▶ [Dataset entries]:
------------

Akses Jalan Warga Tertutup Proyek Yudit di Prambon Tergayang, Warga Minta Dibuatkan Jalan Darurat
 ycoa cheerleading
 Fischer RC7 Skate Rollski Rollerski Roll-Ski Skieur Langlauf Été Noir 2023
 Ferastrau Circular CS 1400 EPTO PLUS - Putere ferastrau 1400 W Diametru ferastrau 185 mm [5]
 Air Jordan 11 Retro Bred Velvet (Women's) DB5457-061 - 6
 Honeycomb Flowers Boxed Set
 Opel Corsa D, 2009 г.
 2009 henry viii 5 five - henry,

------------

▶ [Instructions for the task]: Only the last part of the entries above is needed: please copy the line with "Air Jordan 11" and each line after it exactly.

▶ [Exercise output]:
 Air Jordan 11 Retro Bred Velvet (Women's) DB5457-061 - 6
 Honeycomb Flowers Boxed Set
 Opel Corsa D, 2009 г.
 2009 henry viii 5 five - henry,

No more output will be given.